- **EXERCISE**:
Skip every picture. Print each line from the one containing "犬 キャリーバッグ キャンピングキャリー" through the end of the records below, word for word.

- Opening Delimiter -

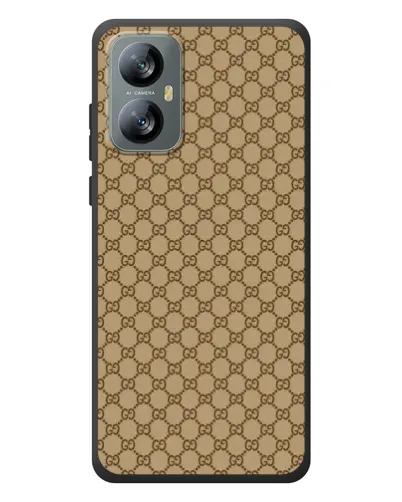 Чехол для Blackview A52 с картинкой «Gucci — классический беж» Чехол для Blackview A52 с картинкой «Gucci — классический беж»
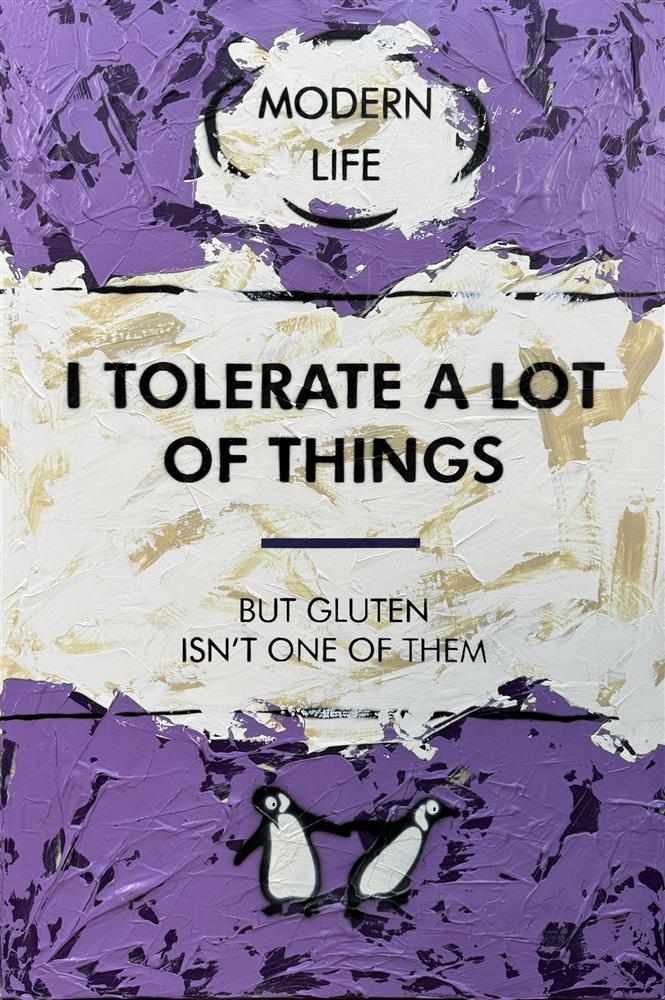 I Tolerate A Lot Of Things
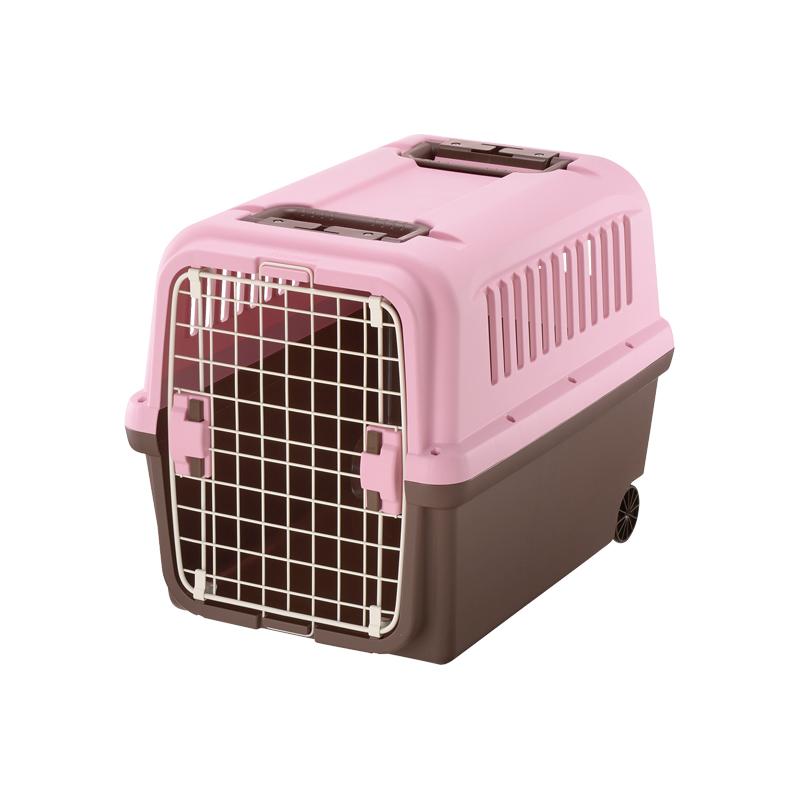 犬 キャリーバッグ キャンピングキャリー L ケース 防災グッズ ペット ハード クレート リッチェル | リッチェル | 02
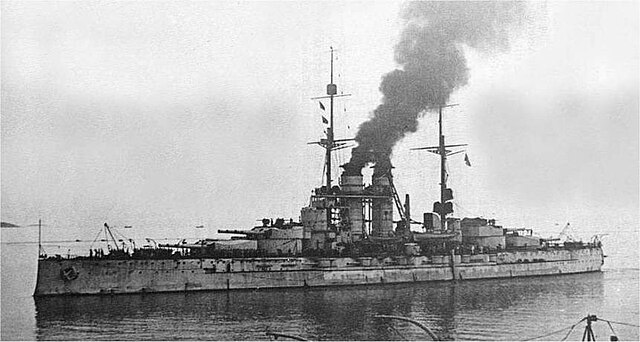 Аустроугарски бојни брод СМС Сент Иштван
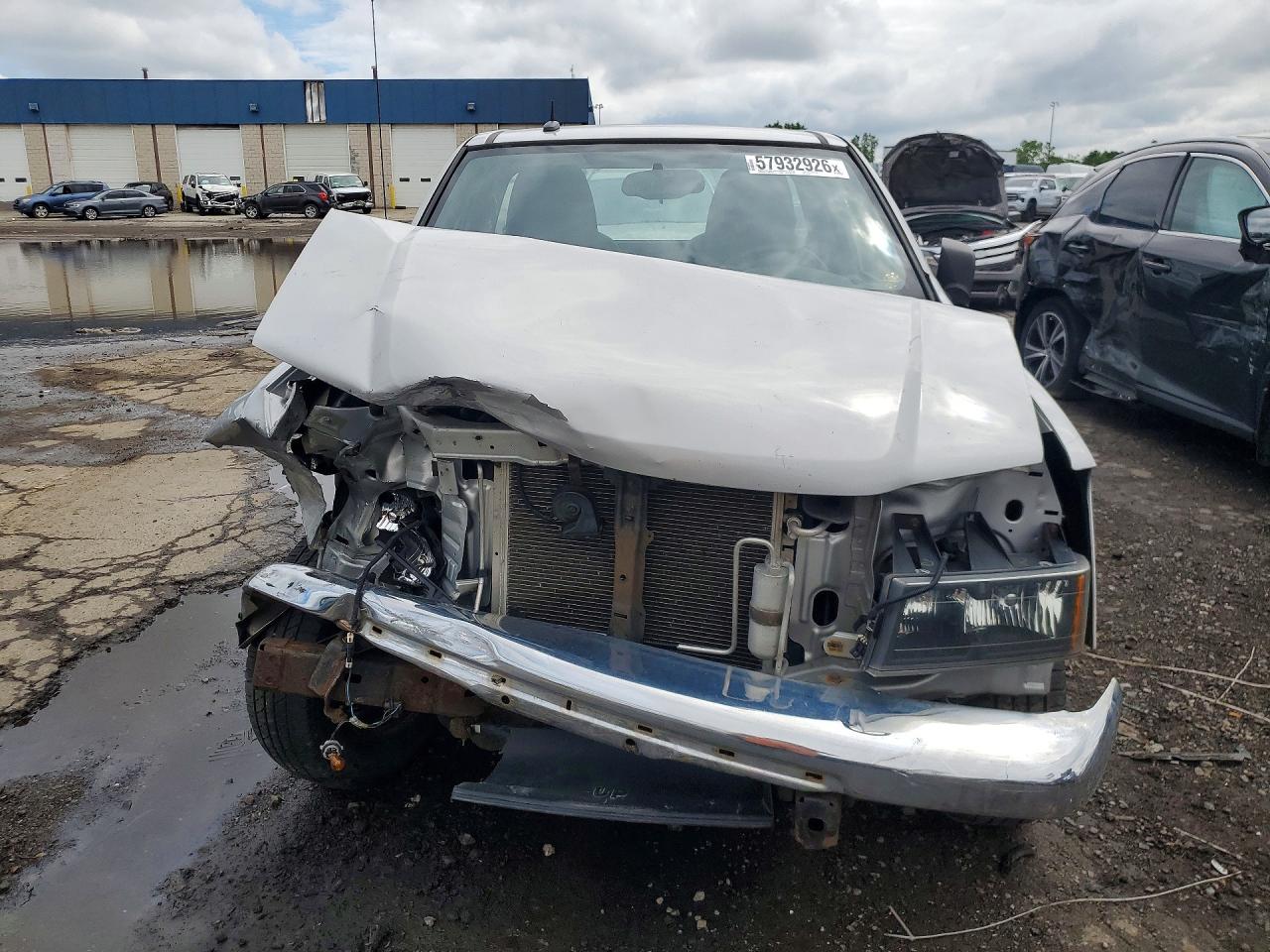 2012 Gmc Canyon Silver vin: 1GTC5LF98C8127932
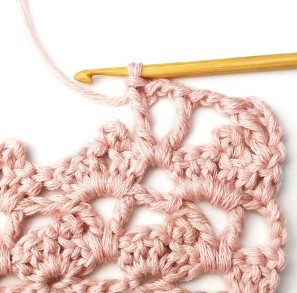 Lacy Cupcake Crochet Stitch Photo Tutorial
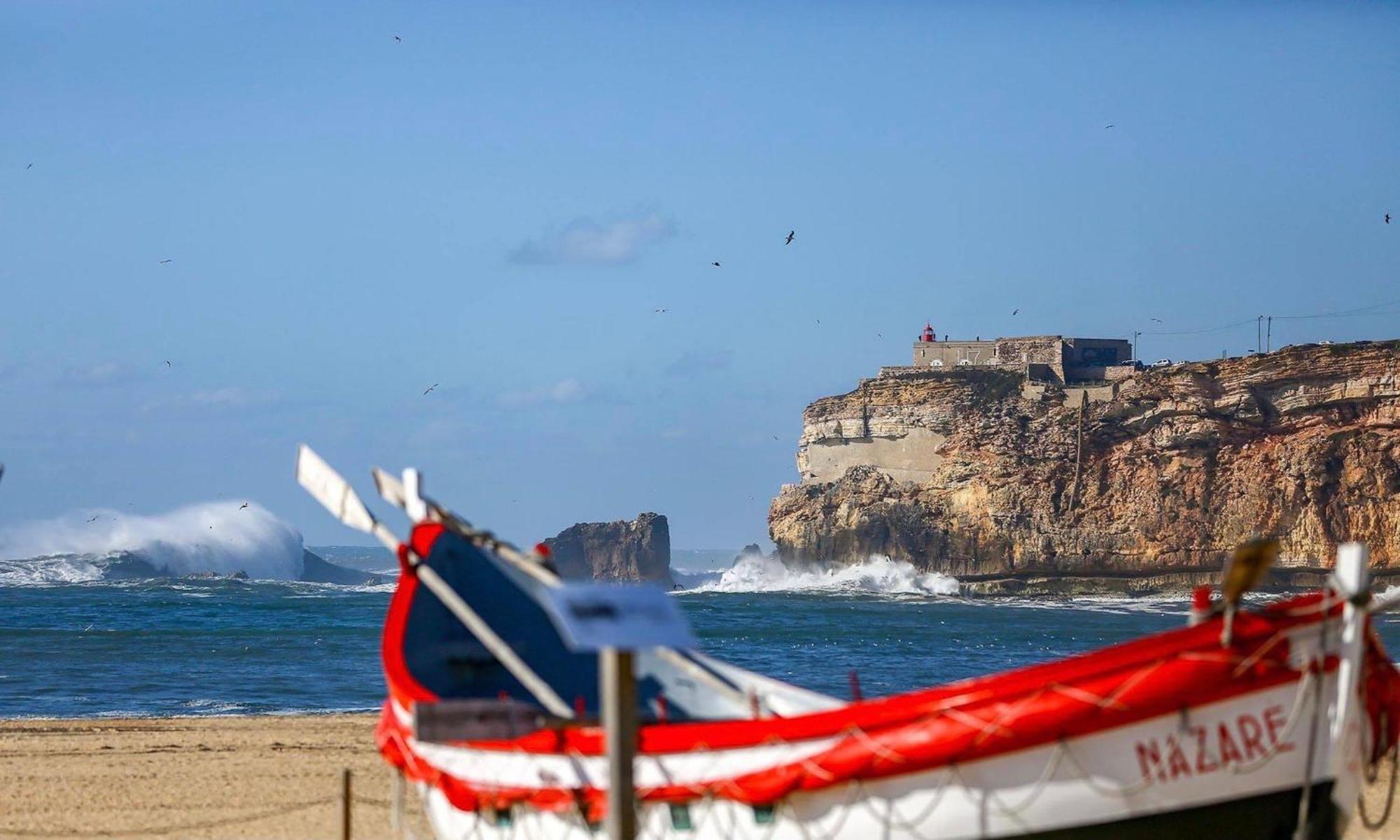 Hotel Mare Nazaré Exterior photo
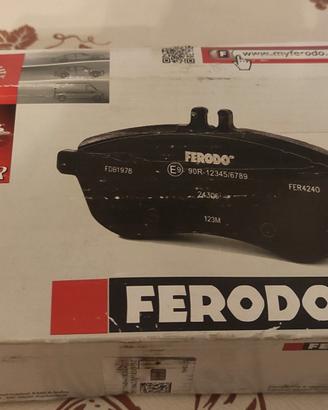 Pastiglie freni Ferodo FDB1517 per VW Lupo 1.2 TDI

- Closing Delimiter -

- **WRITTEN SOLUTION**:
 犬 キャリーバッグ キャンピングキャリー L ケース 防災グッズ ペット ハード クレート リッチェル | リッチェル | 02
 Аустроугарски бојни брод СМС Сент Иштван
 2012 Gmc Canyon Silver vin: 1GTC5LF98C8127932
 Lacy Cupcake Crochet Stitch Photo Tutorial
 Hotel Mare Nazaré Exterior photo
 Pastiglie freni Ferodo FDB1517 per VW Lupo 1.2 TDI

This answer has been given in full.